■ WHAT TO PRODUCE
Retype the listing below exactly, pictures removed.
_ _ _
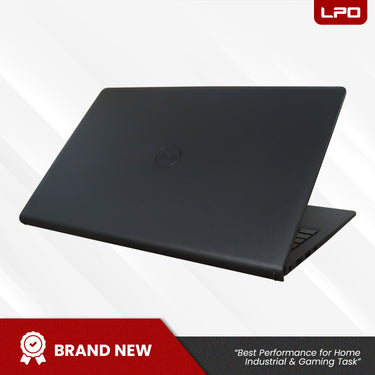 Brand New Dell 15 DC15250
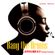 DJ B.Nice - Montreal - Deep, Tribal & Sexy 239 (*Afrika is Back !!!! MASSIVE AFROBEATS Deep House*) image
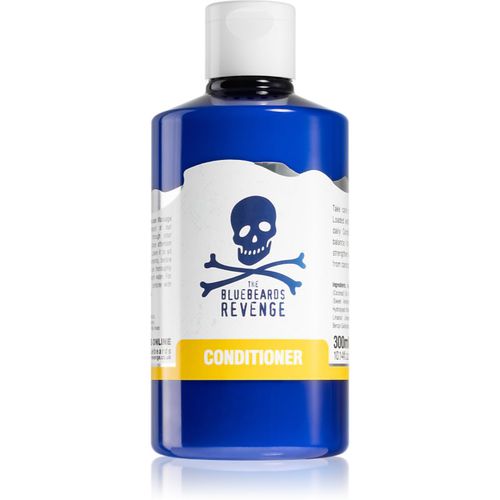 Classic Conditioner balsamo detergente per capelli 300 ml - The Bluebeards Revenge - Modalova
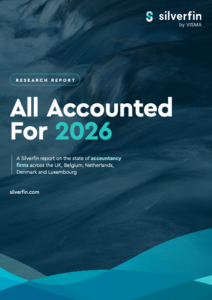 All accounted for UK report download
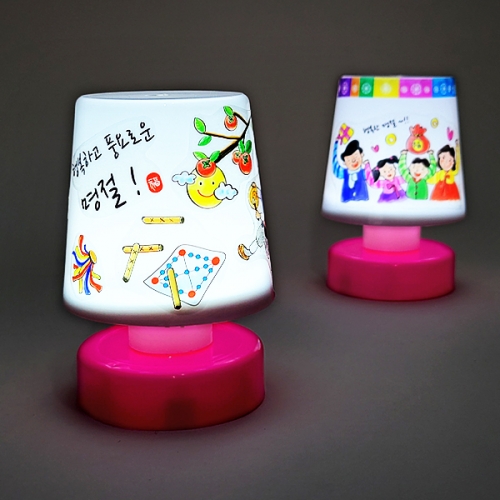 [탑키드] 반제품 미니 스탠드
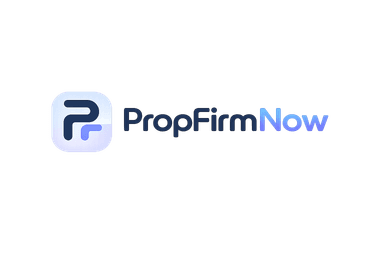 PropFirmNow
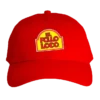 El Pollo Loco Pack 04 5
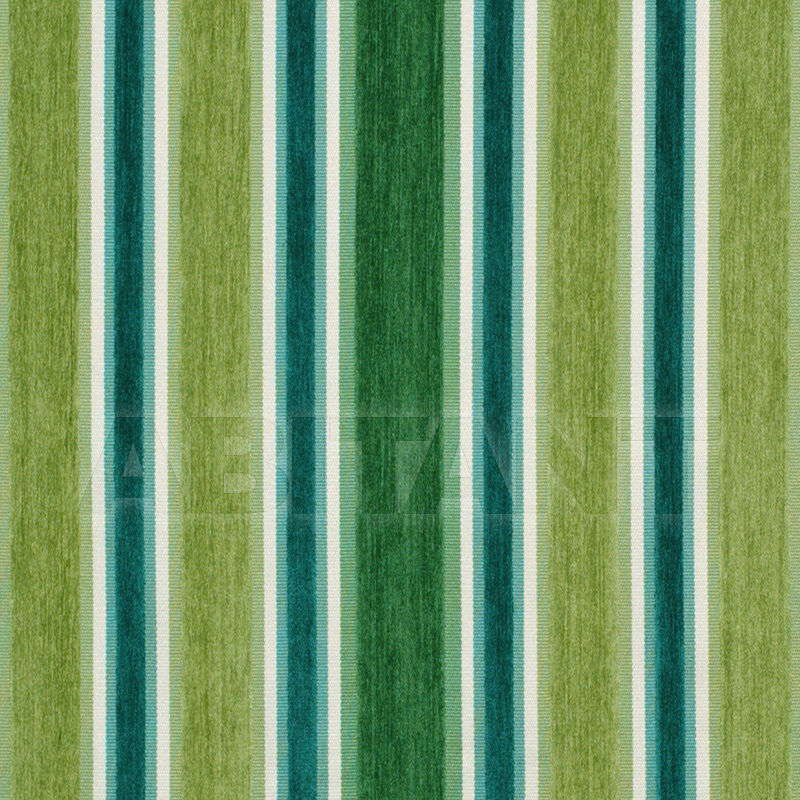 Купить Обивочная ткань Taylor King FABRICS CARMELLO LIME FIZZ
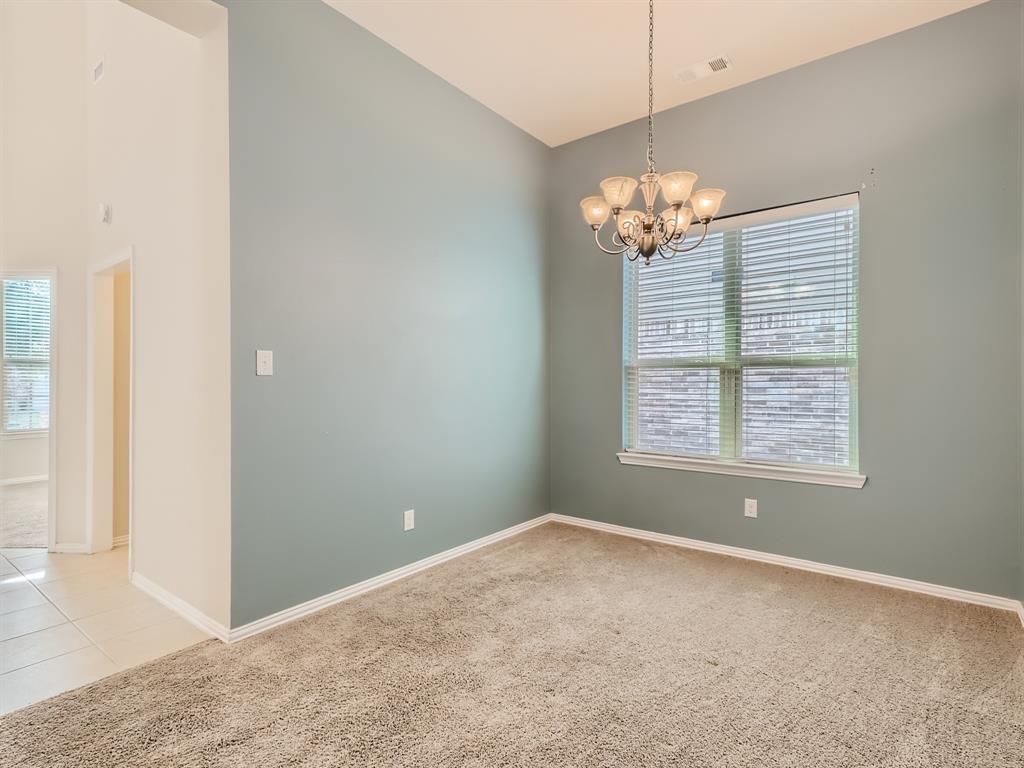 Sunset Pointe Ph Sixteen - Residential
_ _ _
■ OUTPUT BELOW
 Brand New Dell 15 DC15250
 DJ B.Nice - Montreal - Deep, Tribal & Sexy 239 (*Afrika is Back !!!! MASSIVE AFROBEATS Deep House*) image
 Classic Conditioner balsamo detergente per capelli 300 ml - The Bluebeards Revenge - Modalova
 All accounted for UK report download
 [탑키드] 반제품 미니 스탠드
 PropFirmNow
 El Pollo Loco Pack 04 5
 Купить Обивочная ткань Taylor King FABRICS CARMELLO LIME FIZZ
 Sunset Pointe Ph Sixteen - Residential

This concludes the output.